- [ABOUT THIS TASK] Every line from the one containing "Mercedes-Benz Metris on" to the end of the data below should be copied exactly, but pictures should not.

[Web page caption snippets]
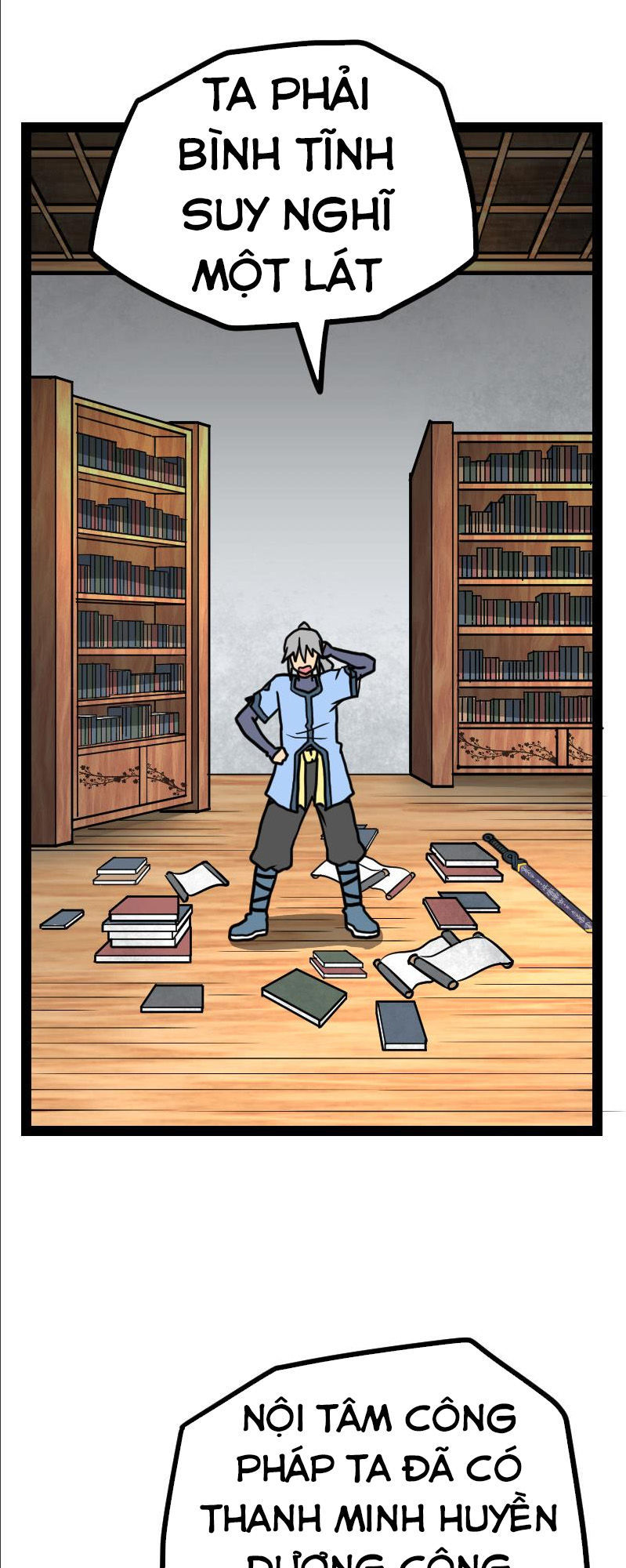 Kiếm Thần Tuyệt Thế Chapter 17 - Trang 2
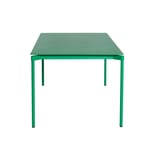 Petite Friture - Fromme Square Table, Mint Green - Matbord utomhus - Tom Chung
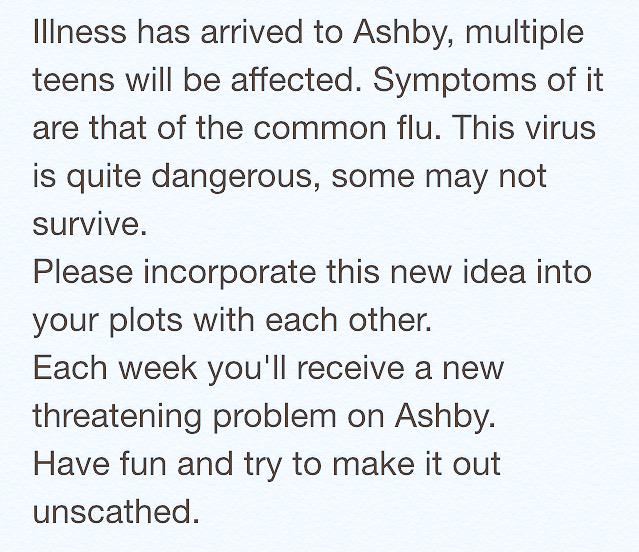 •ATTENTION MEMBERS•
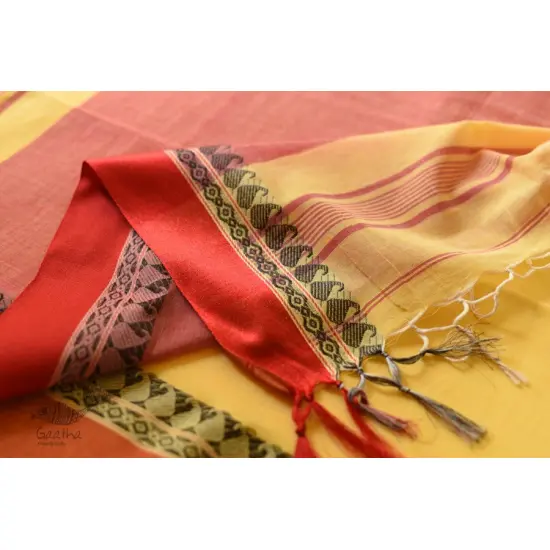 Casual Classics ❊ Everyday Handloom Saree for 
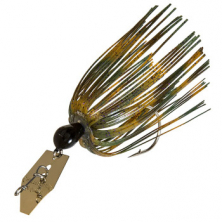 Чаттербейт ZMAN Chatterbait 14g #Green Pumpkin Purple (CB12-70)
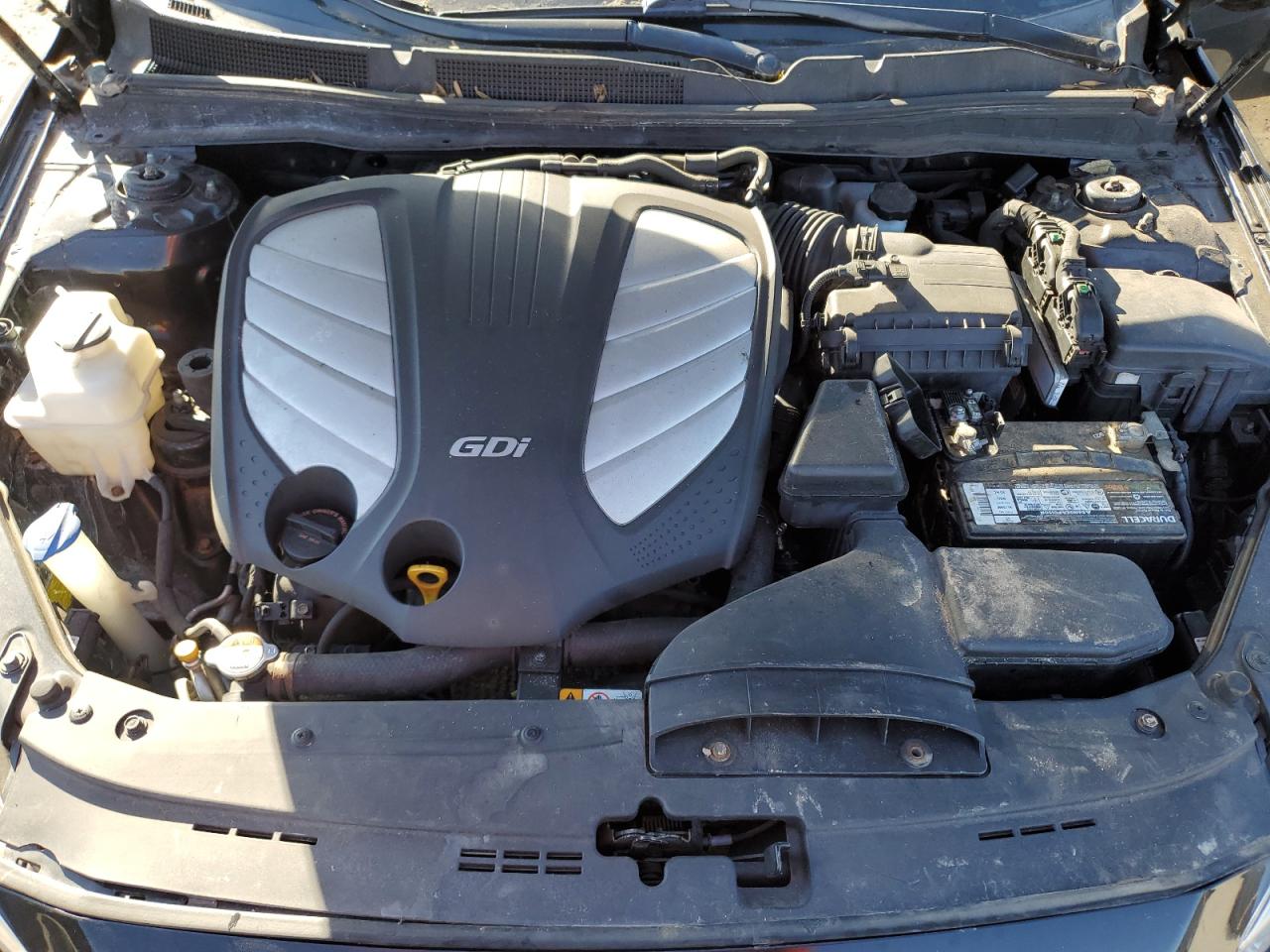 2016 Kia Cadenza Luxury VIN: KNALN4D73G5198953 Lot: 91054725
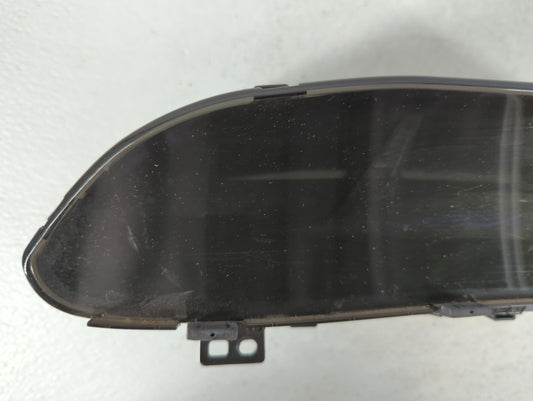 2012-2015 Honda Civic Instrument Cluster Speedometer Gauges P/N:78100-TR0-A132-M1 Fits Fits 2012 2013 2014 2015 OEM Used Auto Parts
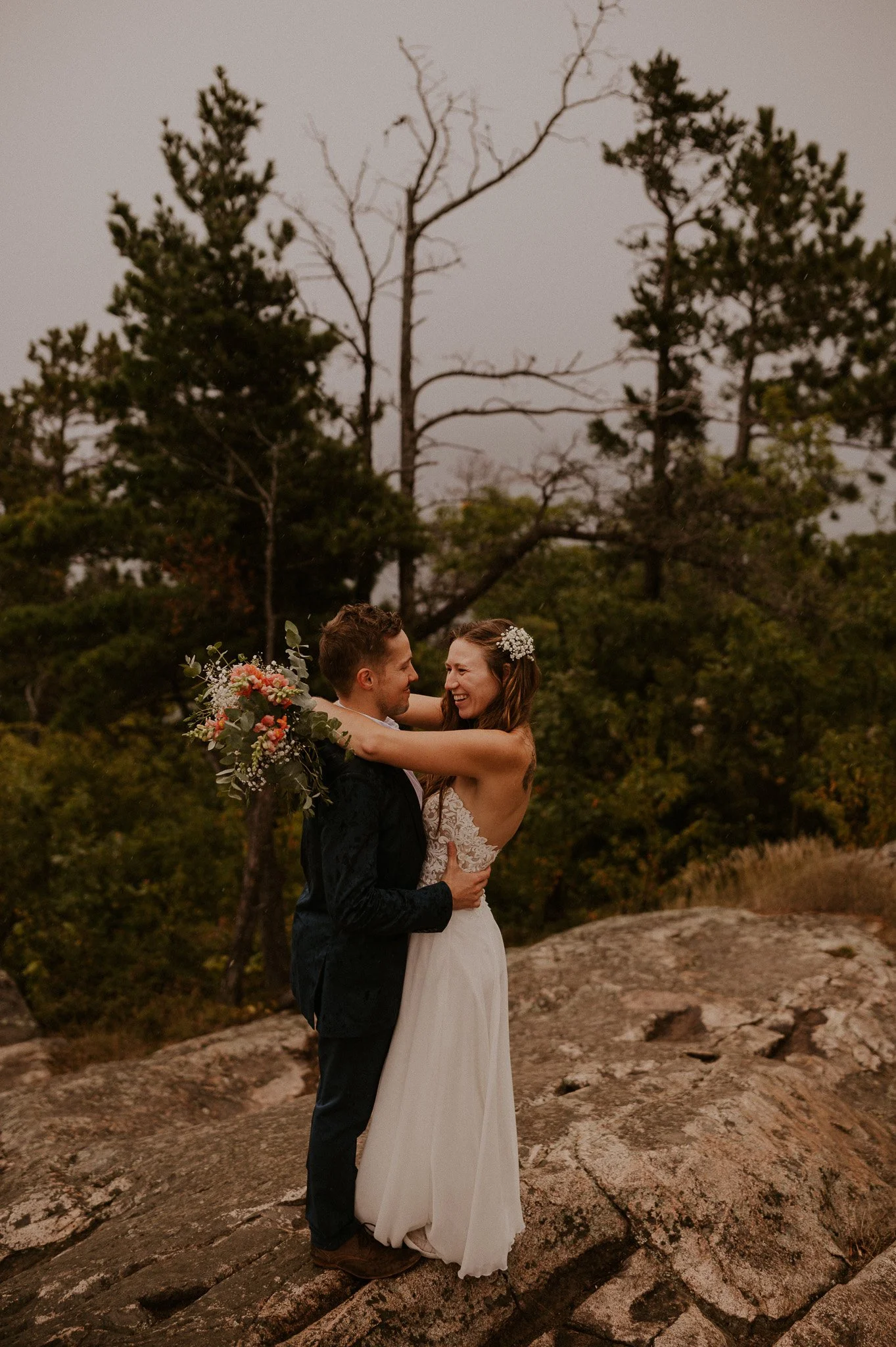 michigan upper peninsula wedding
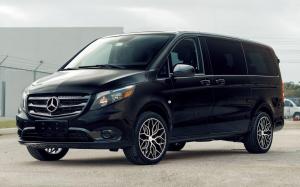 Mercedes-Benz Metris on Vossen Wheels (HF-2) '2020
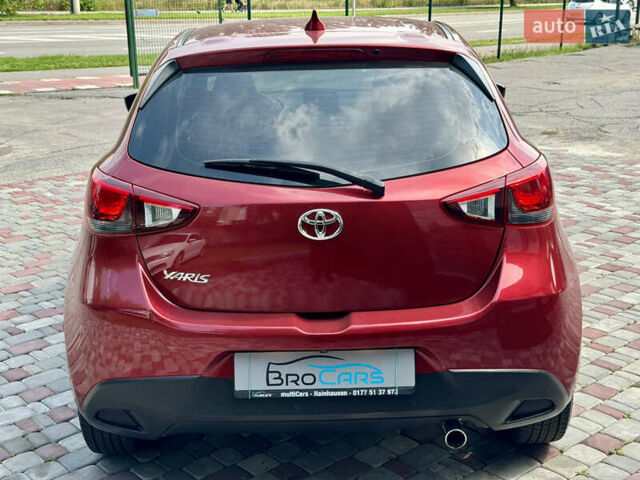 Тойота Ярис 2019 в Виннице на Automoto.ua Тойота Ярис, объемом двигателя 1.5 л и пробегом 85 тыс. км за 13990 $, фото 7 на Automoto.ua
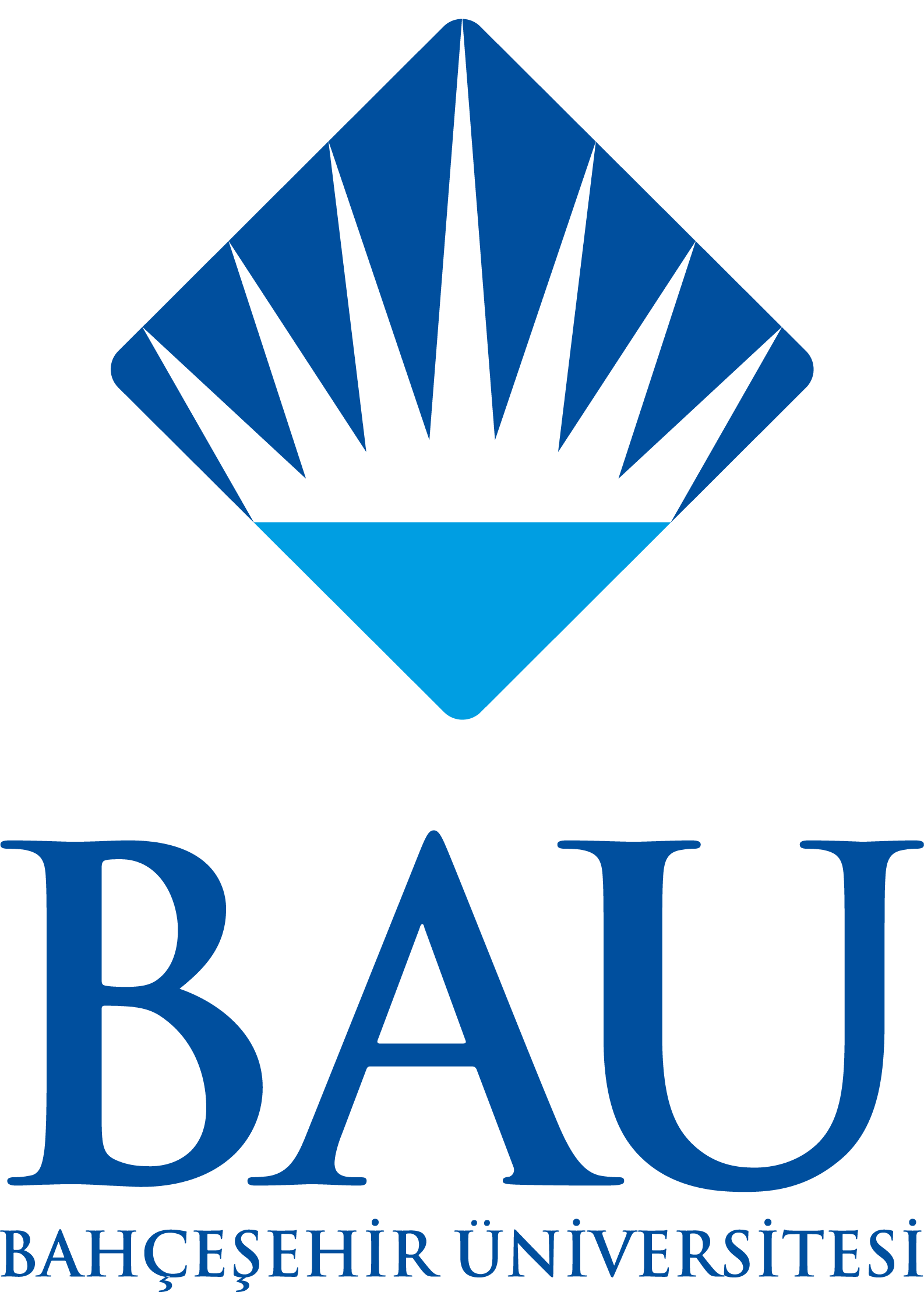 bau bahcesehir universitesi logo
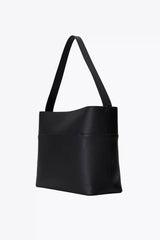 The Diaper Tote in Black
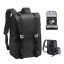 کوله پشتی دوربین کی اند اف K&F Urban Wander 01 Backpack Black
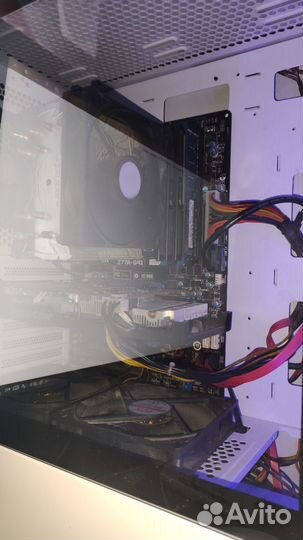 Игровой комплект i5-3570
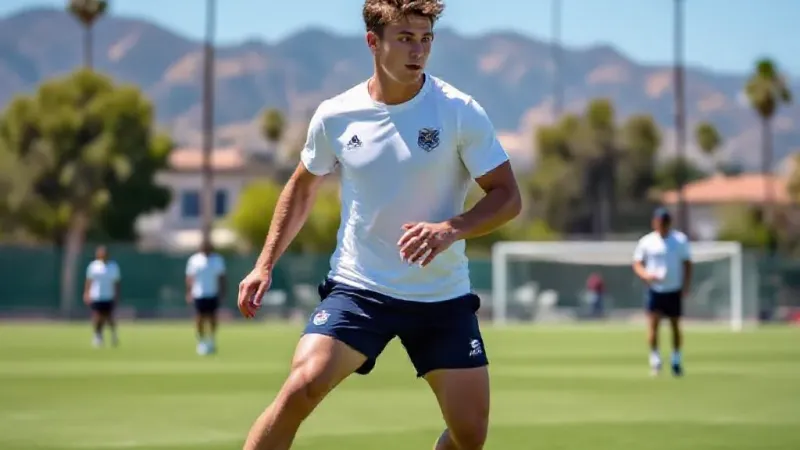 rams Bring Aussie Punter to Socal: G'day La!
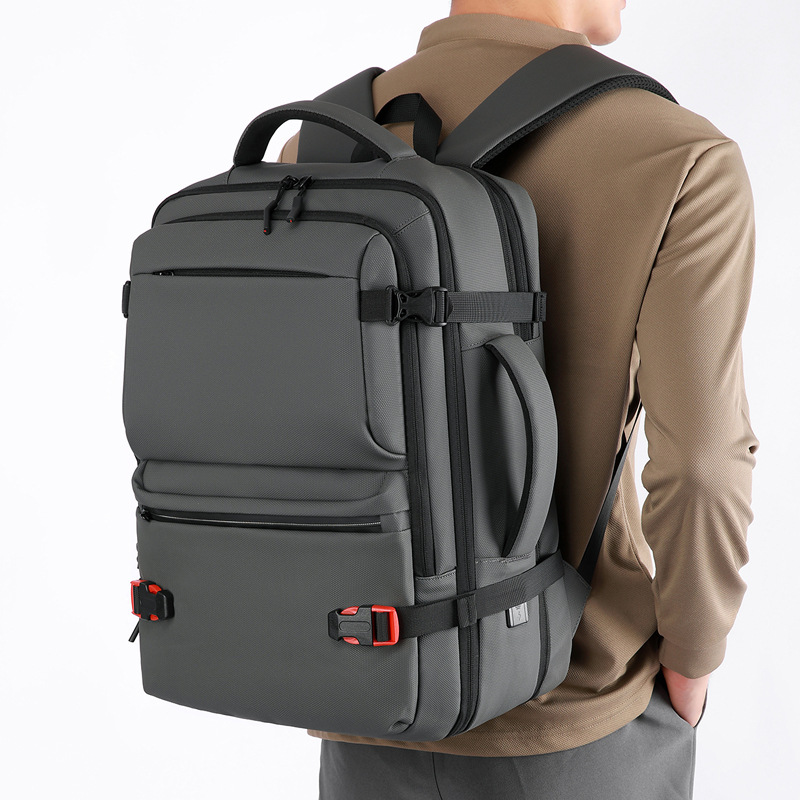 Men's fashionable backpack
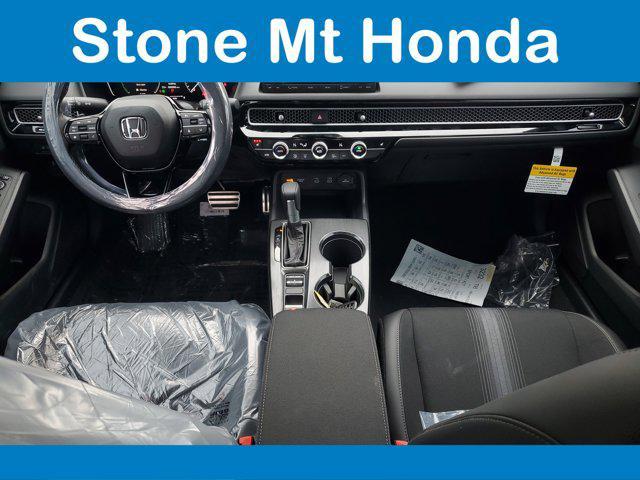 new 2026 Honda Civic Hybrid car, priced at $32,145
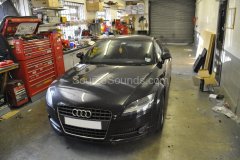 Audi TT 2009
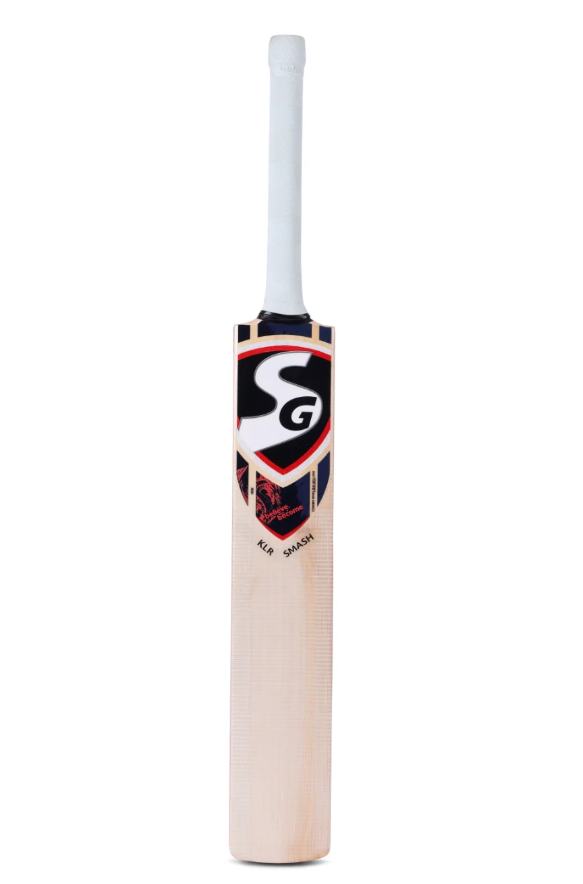 Cricket Bat – SG KLR Smash – English Willow – No. 6 – 80cm – Premium Grade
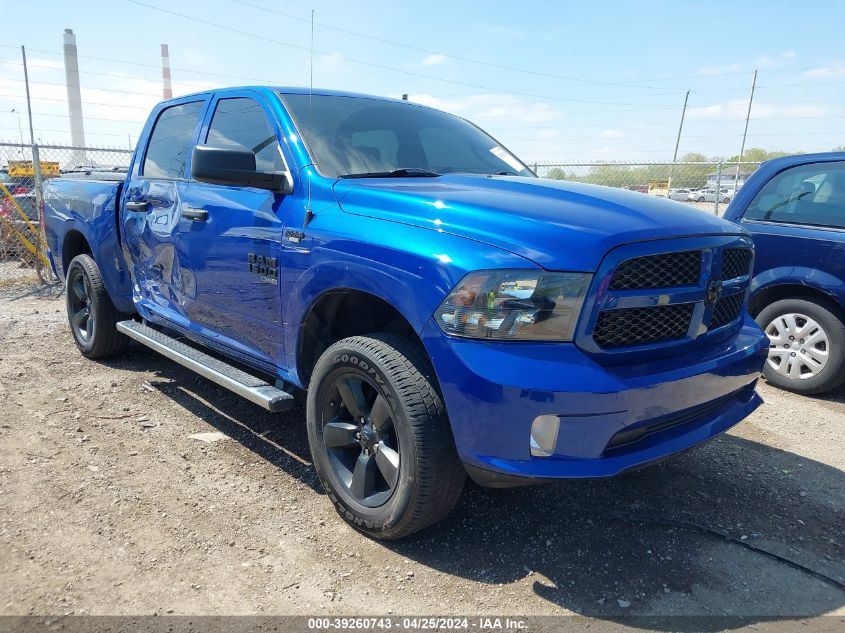 2019 RAM 1500 CLASSIC EXPRESS  4X4 5'7 BOX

- [WRITTEN SOLUTION]
 Mercedes-Benz Metris on Vossen Wheels (HF-2) '2020
 Тойота Ярис 2019 в Виннице на Automoto.ua Тойота Ярис, объемом двигателя 1.5 л и пробегом 85 тыс. км за 13990 $, фото 7 на Automoto.ua
 bau bahcesehir universitesi logo
 The Diaper Tote in Black
 کوله پشتی دوربین کی اند اف K&F Urban Wander 01 Backpack Black
 Игровой комплект i5-3570
 rams Bring Aussie Punter to Socal: G'day La!
 Men's fashionable backpack
 new 2026 Honda Civic Hybrid car, priced at $32,145
 Audi TT 2009
 Cricket Bat – SG KLR Smash – English Willow – No. 6 – 80cm – Premium Grade
 2019 RAM 1500 CLASSIC EXPRESS  4X4 5'7 BOX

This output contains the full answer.